THE MOST disturbing thing isn't that Sen. Harry M. Reid (D-Nev.) accepted free ringside tickets to Las Vegas boxing matches, worth between several hundred and several thousand dollars each. It's that even when pressed the senator didn't see anything wrong with taking the freebies at the same time he was pushing federal legislation to oversee the industry. "I would be criticized if I didn't go," he said after the Associated Press broke the story. "It's just like going to an Ohio State football game, an Arizona State football game -- in Nevada, boxing is it."
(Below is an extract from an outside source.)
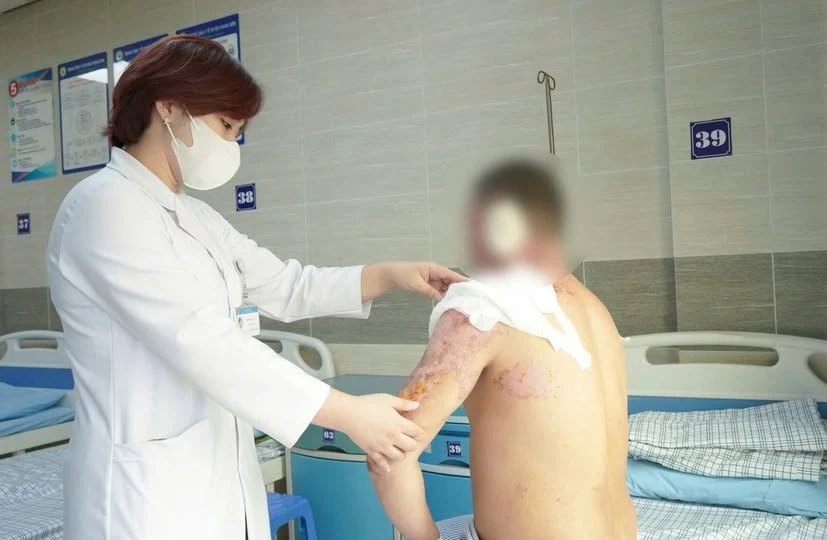 Bất cẩn lửa bén vào xăng khiến bỏng 9% diện tích cơ thể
Senate rules, which normally limit gifts to $50, don't bar more valuable presents from state and local governments, and the tickets in this case came from the Nevada Athletic Commission, a state agency. The rules don't even require that such gifts be disclosed, which reflects a problem with the rules, not with Mr. Reid's behavior.
Nor was Mr. Reid doing the athletic commission's bidding; to the contrary, he was pushing legislation it opposed, and there's no indication that he changed his position after attending the fights.
But commission officials were eager for an opportunity to lobby the senator -- and where better than ringside? This is the point of rules on gifts: It's unseemly for lawmakers to be accepting benefits from those who are trying to influence them on legislation. The Senate Ethics Manual cautions that lawmakers "should be wary of accepting any gift where it appears that the gift is motivated by a desire to reward, influence, or elicit favorable official action."
Sen. John McCain (R-Ariz.), who teamed up with Mr. Reid on the boxing legislation, got that point. As reported by the AP's John Solomon, Mr. McCain joined Mr. Reid at a championship fight in 2004 but paid $3,400 for tickets for himself and his wife. Mr. Reid explained the difference this way: "He came here to watch the fight, I came here to work for the state of Nevada and to watch the fight."
Mr. Reid first declared that he would continue to take free tickets, then reversed course the next day "to avoid even the faintest appearance of impropriety." Maybe he got an inkling: It's this culture of entitlement that offends ordinary Americans -- who don't get free ringside seats and who have to settle for pay-per-view.